* Given data
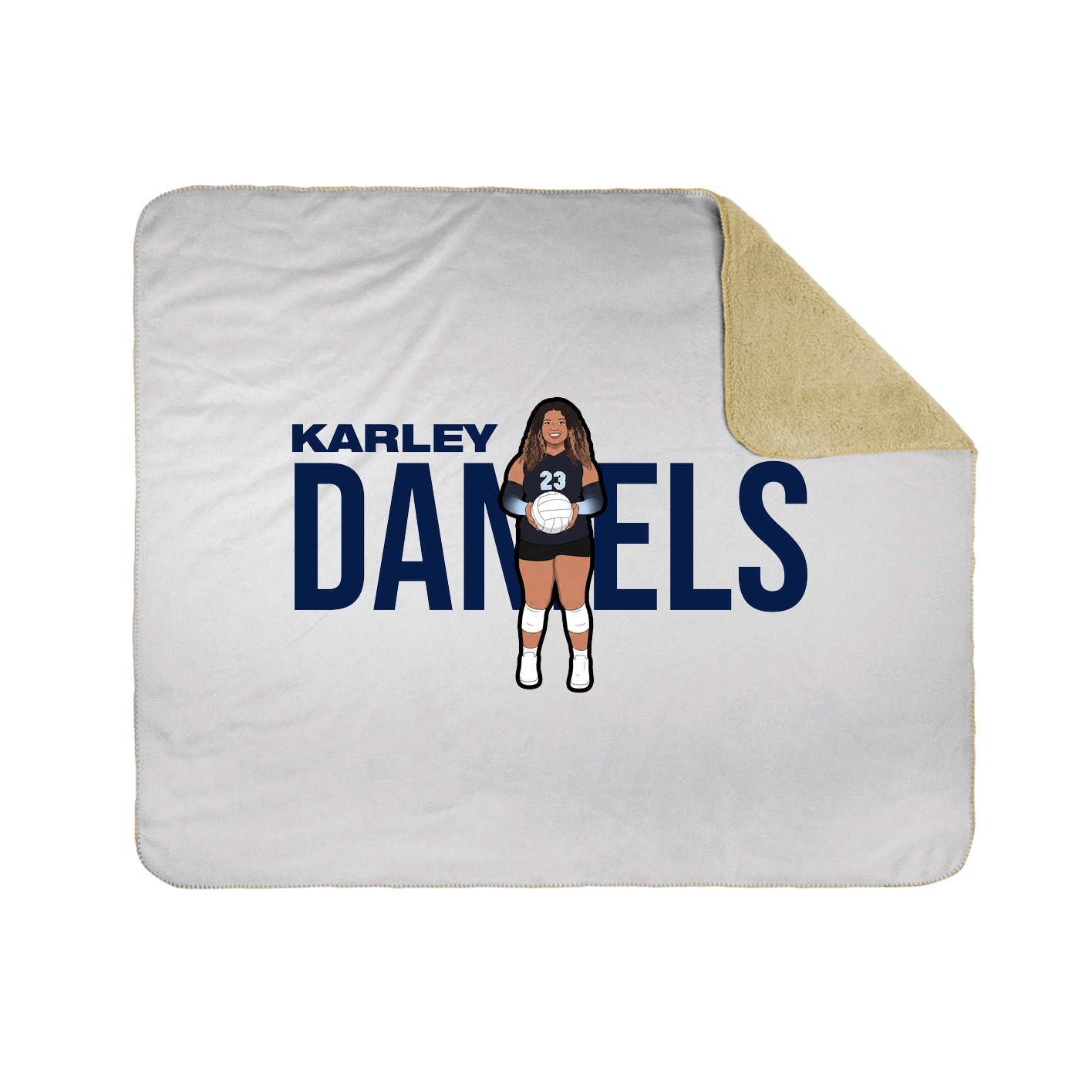 Throw Blanket — Player Name in White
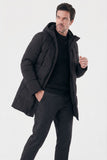 Sobretudo Masculino Puffer com Capuz Manhattan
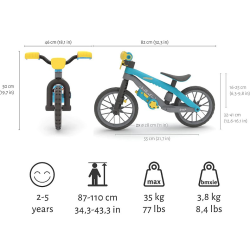Chillafish CPMX03PIN BMXie 2 MOTO Balance Bike
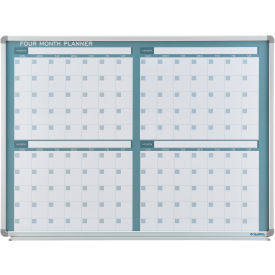 GoVets® Magnetic Dry Erase Four Month Calendar Board Steel Surface 48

* Task brief
Apart from the images, every line above needs to be printed again exactly.

* Solved problem
 Throw Blanket — Player Name in White
 Sobretudo Masculino Puffer com Capuz Manhattan
Chillafish CPMX03PIN BMXie 2 MOTO Balance Bike
 GoVets® Magnetic Dry Erase Four Month Calendar Board Steel Surface 48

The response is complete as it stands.